▸ Task objective:
Only the text of the records belongs in the answer, copied exactly and without pictures.

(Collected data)
______________________________

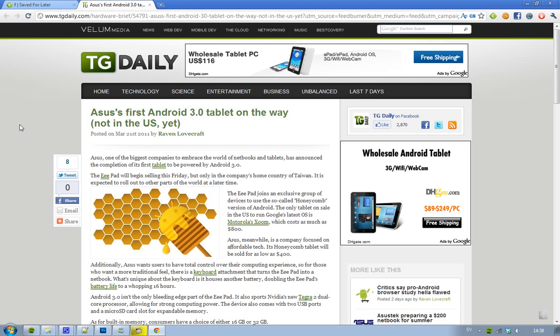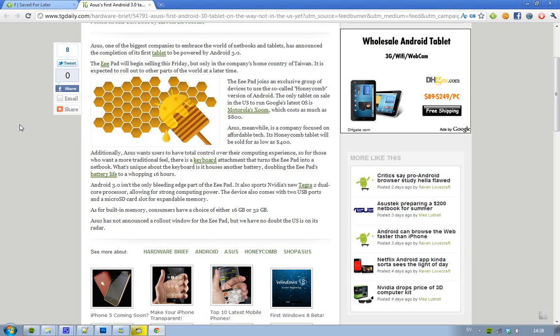Android 3.0 is not just the only cool thing about this ePad tablet. It also has NVIDIA's new Tegra 2 dual-core processor, just like the Motorola Xoom. It also features two USB ports and one microSD card slot. And when you buy this device, you have two different built-in memory sizes to pick from: 16GB and 32GB.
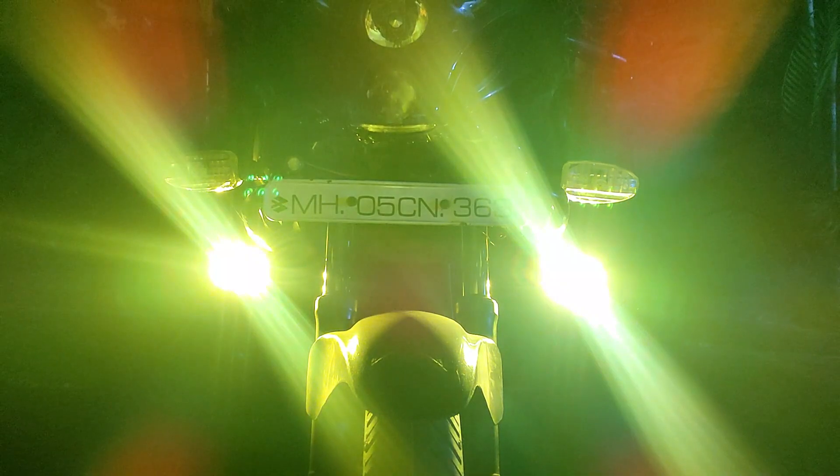This fog light is extremely bright. We loved it and would definitely recommend it.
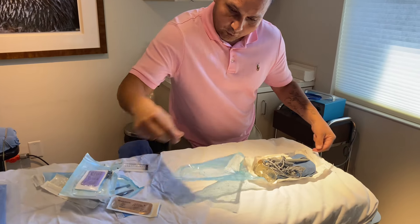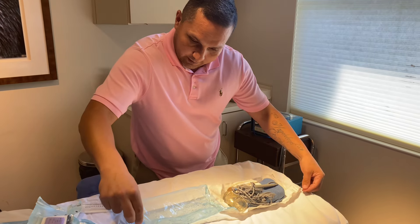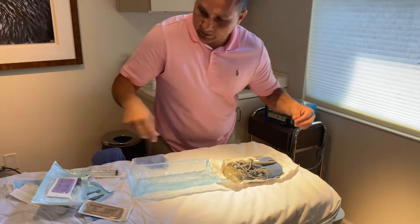I'm going to contaminate it in the corners because nothing will touch the corners. Everything will be inside this middle sterile field.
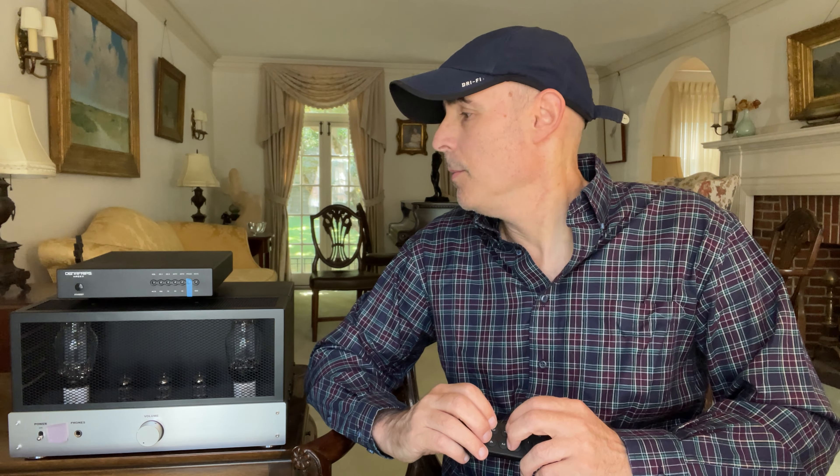If there's anything bothering you about your system — any boominess, brightness, or harshness — it does seem to have a profoundly positive effect on the sound. Even when I just put on a YouTube video with people talking, it sounds more natural. It's well worth listening to. I can't give a long detailed description of the sound, but the change is real and it's for the better. I'm not a hundred percent sure I'm not losing something through this digital processing, but I highly recommend buying it and trying it.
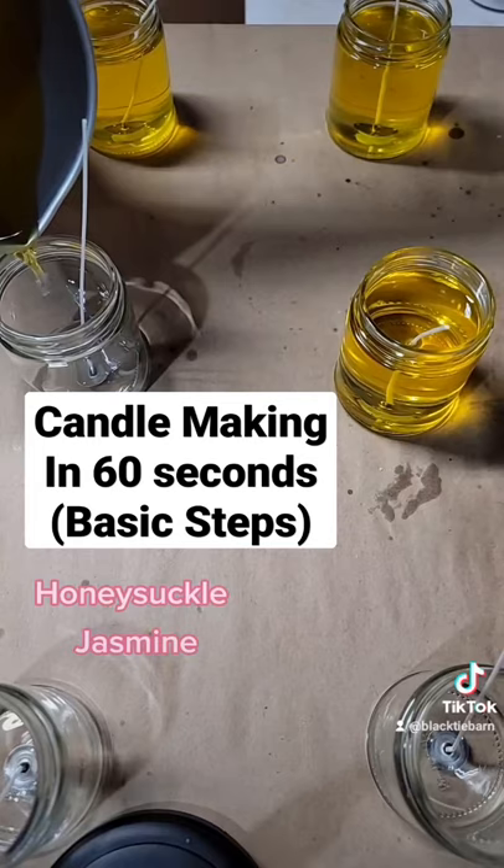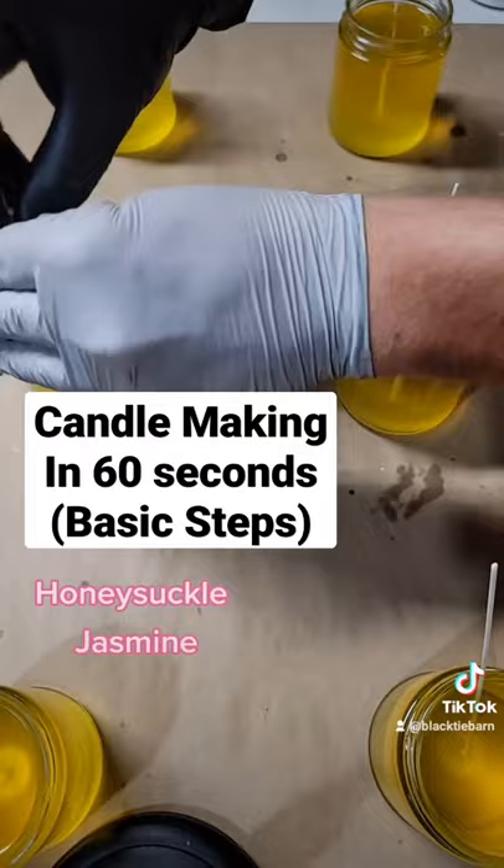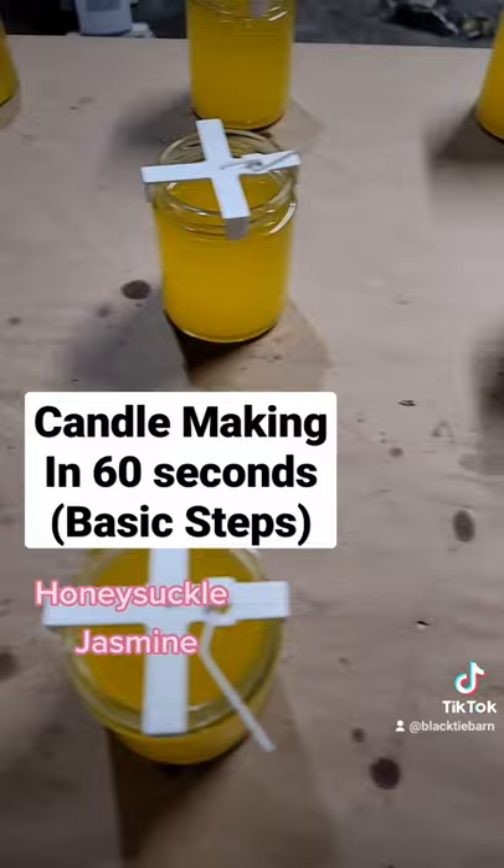Try to keep some space between your candles for even airflow. Use something to keep your wick centered while your candles cool. Let your candles firm up and completely cool — this could take several hours.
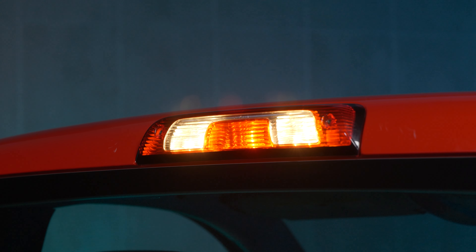Are you tired of rolling around with that old, boring, incandescent, dull third brake light? Well, here at Morimoto Lighting, we came out with the perfect product for you, and it's the new X3B Brake Light.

______________________________

▸ Response box:
Android 3.0 is not just the only cool thing about this ePad tablet. It also has NVIDIA's new Tegra 2 dual-core processor, just like the Motorola Xoom. It also features two USB ports and one microSD card slot. And when you buy this device, you have two different built-in memory sizes to pick from: 16GB and 32GB.
This fog light is extremely bright. We loved it and would definitely recommend it.
I'm going to contaminate it in the corners because nothing will touch the corners. Everything will be inside this middle sterile field.
If there's anything bothering you about your system — any boominess, brightness, or harshness — it does seem to have a profoundly positive effect on the sound. Even when I just put on a YouTube video with people talking, it sounds more natural. It's well worth listening to. I can't give a long detailed description of the sound, but the change is real and it's for the better. I'm not a hundred percent sure I'm not losing something through this digital processing, but I highly recommend buying it and trying it.
Try to keep some space between your candles for even airflow. Use something to keep your wick centered while your candles cool. Let your candles firm up and completely cool — this could take several hours.
Are you tired of rolling around with that old, boring, incandescent, dull third brake light? Well, here at Morimoto Lighting, we came out with the perfect product for you, and it's the new X3B Brake Light.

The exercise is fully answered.